Le lithium et les anticonvulsivants, qui constituent les traitements régulateurs de l’humeur ou
thymorégulateurs, sont également les traitements de choix des accès maniaques et peuvent être
associés à des neuroleptiques en cas d'agitation importante et d'insomnie majeure. Tandis que
l'évolution spontanée des accès maniaques vers la guérison nécessiterait en moyenne 4 à 6 mois, un
traitement adéquat permet d'obtenir le retour à une humeur adaptée au bout de 4 à 6 semaines. Il est
alors nécessaire de s'assurer de l’acceptation et du suivi régulier des soins prodigués. Cela nécessite
d'une part une bonne connaissance de la part du patient de sa pathologie et des symptômes avant-
coureurs des accès, d'autre part une alliance thérapeutique avec le psychiatre.
Traitement préventif des rechutes
Les troubles bipolaires étant caractérisés par leur récurrence, le risque de récidive justifie la mise en
oeuvre d'un traitement prophylactique (préventif). A l'heure actuelle, il est admis que ce traitement
peut être débuté dès le premier épisode maniaque ou mixte. Il repose essentiellement sur les
thymorégulateurs.
Dans la mesure où il s'agit d'un traitement préventif, la prescription de thymorégulateur peut se
concevoir comme un traitement à vie. En cas de souhait de la part du patient d'interrompre le
traitement, il importe de l'informer sur le risque important de rechutes (50% de rechutes à trois mois
en cas d'arrêt brutal). Lorsque les effets secondaires sont trop importants, on peut proposer une
réduction de la posologie ou un changement de thymorégulateur.
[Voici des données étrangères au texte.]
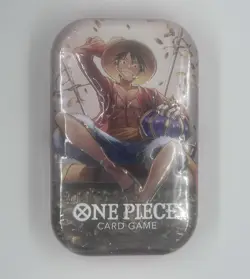 One Piece Tin Pack Set Vol. 2 - Monkey. D. Luffy - Factory Sealed - Image 1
Ici encore, l’acceptation du
traitement et son suivi régulier seront meilleurs si le patient a une bonne connaissance de son trouble,
si le traitement est efficace et les effets secondaires contrôlés.
Prise en charge psychologique
Au-delà du traitement médicamenteux, il est donc indispensable d’apporter au patient et à son
entourage un soutien pédagogique et psychologique. En effet, le patient devra apprendre à gérer sa
vulnérabilité. A cette fin, il est nécessaire qu’il connaisse parfaitement son trouble et qu’il puisse
repérer une symptomatologie atténuée annonçant une éventuelle décompensation. Assortie d’une
bonne alliance thérapeutique avec le médecin ou psychiatre, il devient alors possible de contrôler la
plupart des fluctuations thymiques en ambulatoire et d’éviter le recours aux hospitalisations. La famille
proche sera également sensibilisée au repérage des signes annonciateurs d’accès maniaques ou
dépressifs.
Le respect de certaines règles hygiéno-diététiques telles que la régularité du temps de sommeil,
l’évitement de périodes de surmenage et le contrôle de la prise d’alcool et de toxiques, favoriseront
une bonne évolution de la maladie. La gestion des évènements de vie stressants s’appuiera sur le
renforcement momentané du soutien psychologique. Enfin, certains patients pourront bénéficier de la
mise en oeuvre de psychothérapies plus structurées.